I believe that it is has now been formalised that you don't lose the right to take a later train on an advance ticket if an earlier train is late even if you have split tickets. Maybe it's different if you need a taxi but I don't see why it should be.

 

Split ticketing is often presented as people trying to take advantage of a loophole in the system to save money, but often it is just a way of getting round the manifest unfairness of the current system in the way peak and off-peak tickets are handled (as has been acknowledged in the current ticketing review).

 

To take a slightly extreme example, if I wish to travel to Nottingham from my local station in Cardiff on one ticket and just the few minutes of the connecting journey into Cardiff is before half past 9, I have to pay for a full fare ticket all the way because of those few minutes.

 

So the only sensible choice is to buy two tickets. If on the way back the train is delayed and I miss the last train home, have I really done something so underhand that I should be refused a taxi home? So yes I would say it's heartless and I fail to see why this is a tough decision that has to be made.
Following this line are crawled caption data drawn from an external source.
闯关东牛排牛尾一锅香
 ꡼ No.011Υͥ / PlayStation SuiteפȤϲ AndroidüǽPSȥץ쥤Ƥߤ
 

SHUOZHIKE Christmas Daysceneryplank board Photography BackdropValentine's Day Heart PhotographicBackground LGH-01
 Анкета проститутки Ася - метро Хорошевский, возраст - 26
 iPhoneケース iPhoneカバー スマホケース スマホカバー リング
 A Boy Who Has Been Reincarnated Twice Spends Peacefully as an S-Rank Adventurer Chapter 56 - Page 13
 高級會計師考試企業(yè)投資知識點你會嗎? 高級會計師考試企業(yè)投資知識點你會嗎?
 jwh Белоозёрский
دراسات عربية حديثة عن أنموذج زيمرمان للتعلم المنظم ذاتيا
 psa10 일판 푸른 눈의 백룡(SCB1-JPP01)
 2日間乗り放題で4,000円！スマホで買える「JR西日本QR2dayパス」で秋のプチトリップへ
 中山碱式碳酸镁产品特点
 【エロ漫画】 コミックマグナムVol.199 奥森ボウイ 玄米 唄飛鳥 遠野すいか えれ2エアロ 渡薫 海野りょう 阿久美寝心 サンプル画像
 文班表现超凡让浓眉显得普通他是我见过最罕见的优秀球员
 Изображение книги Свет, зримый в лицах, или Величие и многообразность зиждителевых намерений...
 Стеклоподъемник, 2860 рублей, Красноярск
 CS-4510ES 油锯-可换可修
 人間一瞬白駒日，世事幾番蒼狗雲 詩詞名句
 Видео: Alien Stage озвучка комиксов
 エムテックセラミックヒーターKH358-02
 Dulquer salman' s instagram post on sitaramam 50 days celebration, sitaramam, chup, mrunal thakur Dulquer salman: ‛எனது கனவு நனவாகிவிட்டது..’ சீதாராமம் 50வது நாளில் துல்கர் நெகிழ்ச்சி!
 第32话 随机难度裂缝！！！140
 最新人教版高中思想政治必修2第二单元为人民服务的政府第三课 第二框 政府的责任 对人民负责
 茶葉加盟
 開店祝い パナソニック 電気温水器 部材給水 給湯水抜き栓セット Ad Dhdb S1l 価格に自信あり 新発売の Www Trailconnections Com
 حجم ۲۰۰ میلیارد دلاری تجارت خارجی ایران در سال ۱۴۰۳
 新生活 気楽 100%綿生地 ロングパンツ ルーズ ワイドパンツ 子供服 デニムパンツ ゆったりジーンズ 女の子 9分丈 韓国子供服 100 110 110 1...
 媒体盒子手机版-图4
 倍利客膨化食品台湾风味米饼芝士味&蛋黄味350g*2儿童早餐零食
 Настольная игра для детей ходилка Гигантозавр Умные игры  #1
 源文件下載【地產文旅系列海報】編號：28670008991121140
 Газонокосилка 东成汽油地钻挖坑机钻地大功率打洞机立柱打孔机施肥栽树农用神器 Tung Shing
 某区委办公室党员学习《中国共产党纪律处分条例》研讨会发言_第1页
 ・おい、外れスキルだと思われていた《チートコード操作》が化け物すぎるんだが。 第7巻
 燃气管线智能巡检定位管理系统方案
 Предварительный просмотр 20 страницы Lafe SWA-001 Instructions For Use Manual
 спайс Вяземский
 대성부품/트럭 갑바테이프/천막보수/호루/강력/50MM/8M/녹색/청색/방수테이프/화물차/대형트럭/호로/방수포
Why I should have paid so much over the odds to keep what would otherwise have been my right?

 

By split ticketing I've already paid more than an off-peak ticket, despite the fact that for the local part of the journey there is no difference in price no matter when you travel.

 

Or what if I held a season ticket for the local journey? Should I pay twice for part of the journey in order to keep my rights?

 

I should perhaps add that the few times I have been put on a taxi, I don't think anyone has actually asked to look at a ticket, mind.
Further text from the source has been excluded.